§ Task: Begin with the line that has "Trituradora Papel LEITZ IQ Slim Home P4". Give it and every line after it again, exactly, through the end of the entries below.
——————
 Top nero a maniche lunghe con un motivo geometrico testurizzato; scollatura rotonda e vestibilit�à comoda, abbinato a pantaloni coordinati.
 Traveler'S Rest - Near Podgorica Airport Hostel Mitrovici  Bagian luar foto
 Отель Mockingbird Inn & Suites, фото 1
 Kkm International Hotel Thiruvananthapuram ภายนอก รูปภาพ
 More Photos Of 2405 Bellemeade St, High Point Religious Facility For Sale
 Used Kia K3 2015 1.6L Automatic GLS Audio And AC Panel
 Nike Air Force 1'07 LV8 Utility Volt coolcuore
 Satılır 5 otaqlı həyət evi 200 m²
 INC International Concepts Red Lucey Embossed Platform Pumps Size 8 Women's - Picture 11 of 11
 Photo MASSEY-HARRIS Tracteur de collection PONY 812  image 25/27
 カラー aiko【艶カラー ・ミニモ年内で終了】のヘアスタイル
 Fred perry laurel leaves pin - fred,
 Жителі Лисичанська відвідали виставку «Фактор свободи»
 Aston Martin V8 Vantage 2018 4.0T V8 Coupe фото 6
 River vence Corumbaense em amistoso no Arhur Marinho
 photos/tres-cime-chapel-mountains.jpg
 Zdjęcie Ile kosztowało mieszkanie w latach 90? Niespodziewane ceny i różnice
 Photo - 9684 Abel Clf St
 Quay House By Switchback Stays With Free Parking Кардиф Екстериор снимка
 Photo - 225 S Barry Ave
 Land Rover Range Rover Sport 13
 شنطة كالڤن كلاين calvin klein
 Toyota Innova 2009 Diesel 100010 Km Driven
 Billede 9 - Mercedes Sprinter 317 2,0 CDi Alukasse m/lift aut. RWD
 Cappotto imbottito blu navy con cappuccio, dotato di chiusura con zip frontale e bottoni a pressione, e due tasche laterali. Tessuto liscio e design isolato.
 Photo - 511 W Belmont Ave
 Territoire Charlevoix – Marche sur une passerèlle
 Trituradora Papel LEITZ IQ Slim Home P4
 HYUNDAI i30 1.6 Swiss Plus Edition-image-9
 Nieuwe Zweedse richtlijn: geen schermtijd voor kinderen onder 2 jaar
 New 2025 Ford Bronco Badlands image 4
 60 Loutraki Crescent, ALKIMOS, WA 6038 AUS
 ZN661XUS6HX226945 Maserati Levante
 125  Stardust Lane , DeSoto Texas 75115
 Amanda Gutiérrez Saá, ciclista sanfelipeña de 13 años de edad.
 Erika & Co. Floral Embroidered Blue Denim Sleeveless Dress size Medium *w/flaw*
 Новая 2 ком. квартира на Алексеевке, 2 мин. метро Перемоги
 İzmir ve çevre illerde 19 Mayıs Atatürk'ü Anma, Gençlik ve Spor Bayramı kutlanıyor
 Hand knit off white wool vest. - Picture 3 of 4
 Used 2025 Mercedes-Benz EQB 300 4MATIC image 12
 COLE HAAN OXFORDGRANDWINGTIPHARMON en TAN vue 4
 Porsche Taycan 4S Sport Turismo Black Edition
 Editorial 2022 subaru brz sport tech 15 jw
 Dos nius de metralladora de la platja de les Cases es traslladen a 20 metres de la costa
——————
§ Exercise output:
 Trituradora Papel LEITZ IQ Slim Home P4
 HYUNDAI i30 1.6 Swiss Plus Edition-image-9
 Nieuwe Zweedse richtlijn: geen schermtijd voor kinderen onder 2 jaar
 New 2025 Ford Bronco Badlands image 4
 60 Loutraki Crescent, ALKIMOS, WA 6038 AUS
 ZN661XUS6HX226945 Maserati Levante
 125  Stardust Lane , DeSoto Texas 75115
 Amanda Gutiérrez Saá, ciclista sanfelipeña de 13 años de edad.
 Erika & Co. Floral Embroidered Blue Denim Sleeveless Dress size Medium *w/flaw*
 Новая 2 ком. квартира на Алексеевке, 2 мин. метро Перемоги
 İzmir ve çevre illerde 19 Mayıs Atatürk'ü Anma, Gençlik ve Spor Bayramı kutlanıyor
 Hand knit off white wool vest. - Picture 3 of 4
 Used 2025 Mercedes-Benz EQB 300 4MATIC image 12
 COLE HAAN OXFORDGRANDWINGTIPHARMON en TAN vue 4
 Porsche Taycan 4S Sport Turismo Black Edition
 Editorial 2022 subaru brz sport tech 15 jw
 Dos nius de metralladora de la platja de les Cases es traslladen a 20 metres de la costa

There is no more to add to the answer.